By Marc Hogan.
In a major change that has been rumored for weeks, Spotify announced today that it will give some artists the choice of restricting new albums to the streaming service’s paid subscribers for the first two weeks of release. The shift is part of a new licensing deal with Universal Music Group and only applies to Universal artists, for now. (Spotify has also been in negotiations with the other two major labels, Sony and Warner, the Financial Times reports.) “We know that not every album by every artist should be released the same way, and we’ve worked hard with UMG to develop a new, flexible release policy,” Spotify CEO Daniel Ek said in a statement.
The option for artists to hold back some albums from Spotify’s free tier, known as “windowing,” has been a key issue in the music industry at least since Taylor Swift’s 2013 decision to remove her music from the streaming service altogether. In today's announcement, Universal chairman and CEO Lucian Grainge said that “the long-term success of Spotify, and others like it, is essential to the ecosystem’s enduring health.”
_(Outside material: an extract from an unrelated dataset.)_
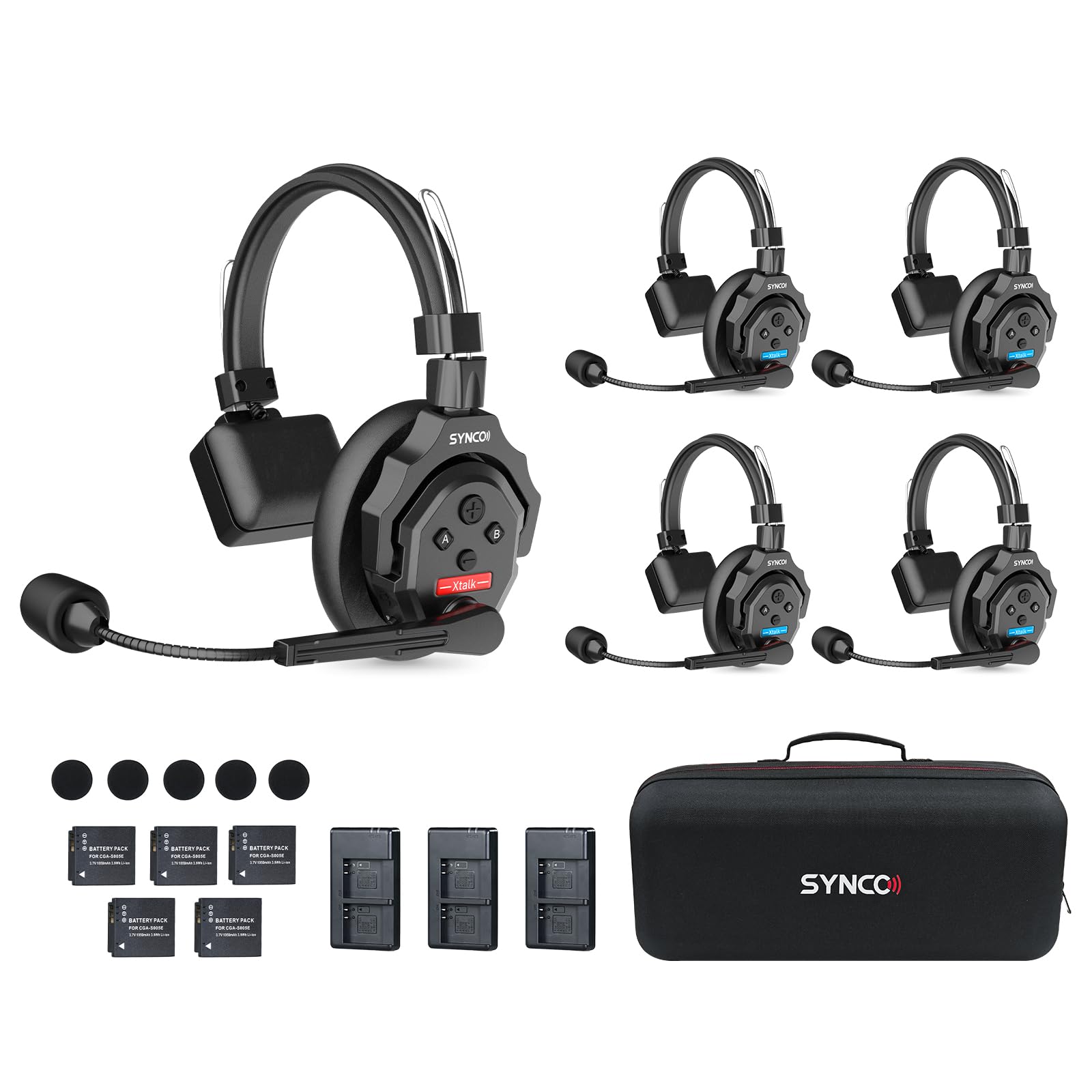 Synco Xtalk X5 Wireless Intercom Headset System, 2.4Ghz Full Duplex Wireless Headset With 24H 350M/1148Ft Real Time Monitoring,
Spotify’s streaming rivals Apple and Tidal don’t offer a free tier. The major labels have recently been pushing against free services in hopes of boosting paid subscriptions. According to the latest numbers from the RIAA, free on-demand streaming services like YouTube and the free version of Spotify generated $469 million in revenues in the United States in 2016, compared with $2.5 billion for paid subscriptions.